The sharing economy, where customers use the Internet to find providers of different services without using physical middlemen, is also a threat to the Nordic model which builds on collective agreements. Employers and employees are forming non-contract relationships within a growing number of trades. If there is a contract, it mostly states that the partners cannot be considered to be employer or employee.
A century after the Nordic region’s first labour courts were established, labour law is being challenged again. The courts were set up because ordinary courts of law could not deal with labour conflicts. Common law regulated the relationship between two persons. When collective agreements emerged, a new type of court was needed.
Now labour courts could be facing a similar challenge. The Internet, smartphones and apps have made it possible to develop new kinds of businesses where companies which do not consider themselves as employers facilitate the selling of services to customers.
The best known example is Uber, the taxi company. According to the company it only facilitates contact between the customer and a driver, who is self employed. While Uber’s lawyers claim the company cannot be considered to be an employer, the marketing department brags about how many new jobs are being created.
But these are so-called precarious jobs – the definition of which is ”dependent on circumstances beyond one’s control”. There are also precarious jobs in more traditional companies, so the line between the sharing economy and the traditional economy is blurred.
Some hairdressing salons are made up of only self employed people, or they lack proper wage agreements. Handels, Sweden’s Commercial Employee’s Union, has tried to fight non-agreement conditions through its own app, Schyssta listan (the Nice List), where you can see which shops and hairdressers have collective agreements, right there on your mobile.
Precarious working conditions can also mean that working tasks are organised in such a way that people end up with long breaks in their working day, during which they are not paid. People can be banned from working for competing companies during periods when there is no work to be had from the original employer. The job offers no protection against economic swings or illness, and it does not contribute towards workers’ pensions.
Companies in the sharing economy often try to paint a picture of them creating “new” jobs. But the services which are being offered – renting a private flat like with Airbnb, or having a job performed in your home by Taskrunner – are some of the oldest occupations there are.

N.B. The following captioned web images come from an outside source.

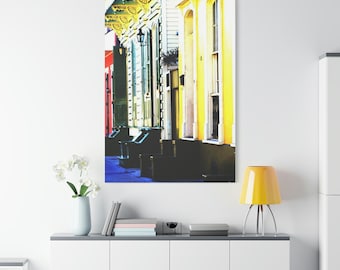 French Quarter New Orleans Louisiana USA Canvas Art Stretched and Framed Artwork Ready to Hang Wall Art for Home Office Wall Décor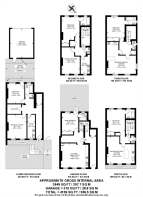 Floorplan area for info only, not for £/sq. ft valuation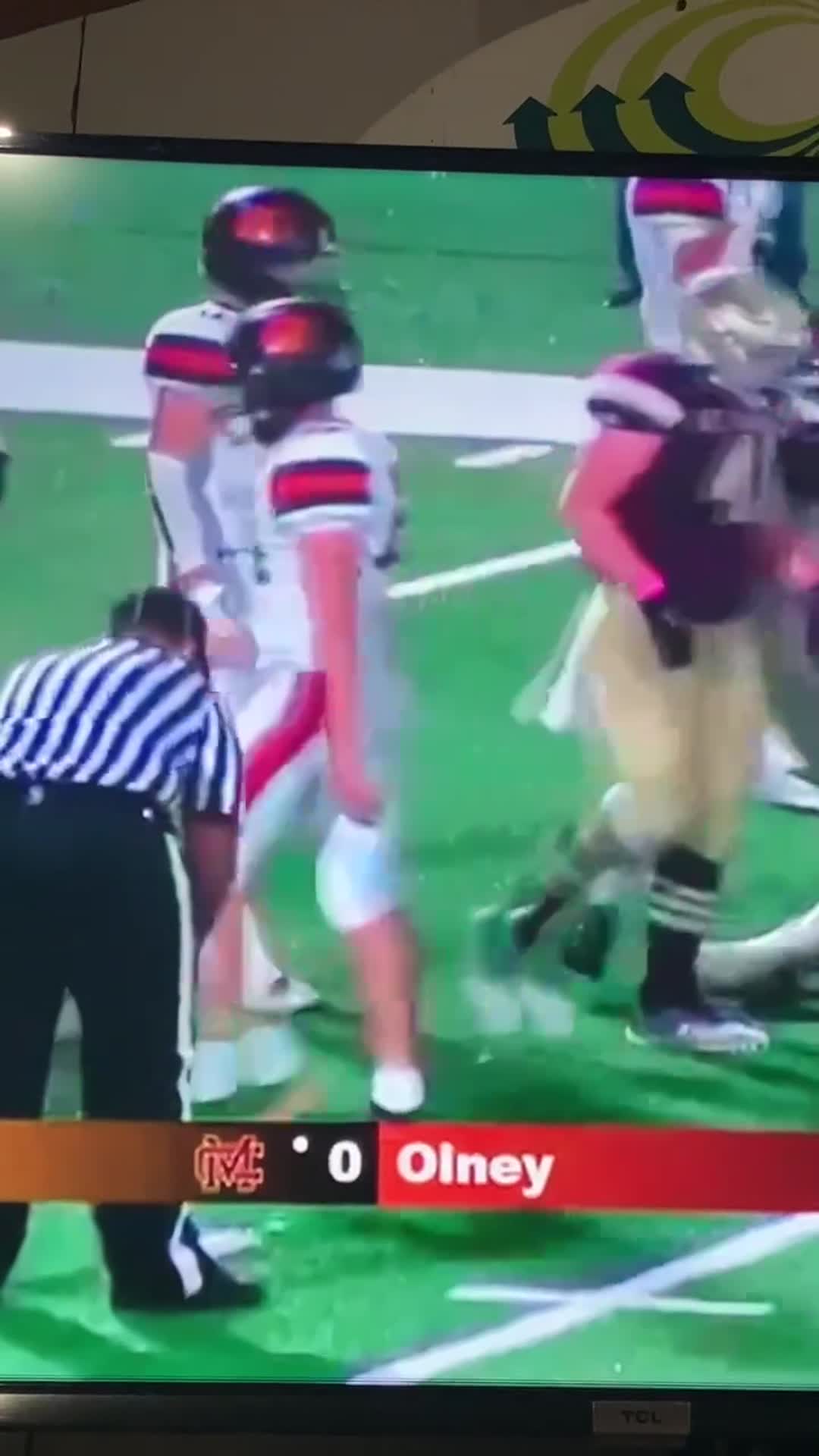 Sportsmanship #11 Nolen Seals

Transport, accommodation and domestic work are hardly among the most innovative sectors.
But in order for completely new groups of people to perform a service, you often need new technology. Without Google Maps, which will tell you how to drive from A to B, Uber’s drivers would struggle to compete with trained taxi drivers.
This is also called crowdworking; the outsourcing of jobs through the use of IT platforms. This could be transcribing interviews or talks, writing texts for catalogues or just tasks which are difficult for a computer to do. Amazon’s Mechanical Turk is one of the major players. Pay is often very low, a couple of Eurocents per task.
In order to outbid existing companies, the new businesses must be able to provide services at a lower cost or at a faster pace. The new business concepts are dependent on having a large pool of people who will agree to take on work and be paid separately for each individual task, so that the competition for these tasks becomes big enough. If not, the business risks that those who carry out the service will not take on the tasks, an that the service cannot be delivered fast enough. Nobody wants to wait for hours for an Uber taxi.
In order to keep the contractors in place, a digital payment system is being used. Customers can grade the person providing the service, and algorithms make sure the IT platform rewards those with the highest score, giving them the first stab at new jobs. This means the employer’s role of leading and controlling the work is being outsourced to the customers.
Labour law experts Jeremias Prassl and Martin Risak write in their report ‘Uber, Taskrabbit, & Co: Platform as employers?’:
”Through the use of platforms, businesses ranging from restaurants to IT service providers can draw on a large crowd of flexible workers to reduce or even eliminate the cost of unproductive time at work, and rely on reputation mechanisms to maintain full control over the production process or service delivery.”
And, writing about the very core of the business concept:
”The resulting competition between crowdworkers will ensure that quality remains high whilst wages are low.”
The two labour law researchers quote Thomas Biewald, the former CEO of the platform Crowdflower, a company specialising in a certain type of IT services:
“Before the Internet, it would be really difficult to find someone, sit them down for ten minutes and get them to work for you, and then fire them after those ten minutes. But with technology, you can actually find them, pay them the tiny amount of money, and then get rid of them when you don’t need them anymore.”
Crowdworking does, of course, bring some benefits for those taking on the tasks too. Sometimes it can be the only way to make any money at all. Other times it could be that the contractors need the flexibility to accept commissions when they have time, and to combine it with other things, like looking after children.
The new business models are often disruptive. They could be described as revolutionary innovations shaking up the existing market. Well-known examples include when digital photography replaced film, or when books started being distributed digitally or through the post, and not in book stores.
New and more efficient ways of distributing goods and services are part of economic development. But labour market researchers and trade unions warn that they could undermine existing welfare systems. That could happen if the income from the business is being taxed in a different country from where the services are being carried out, or if the new businesses do not pay employer’s tax or fail to contribute to job security, sick leave or pension savings.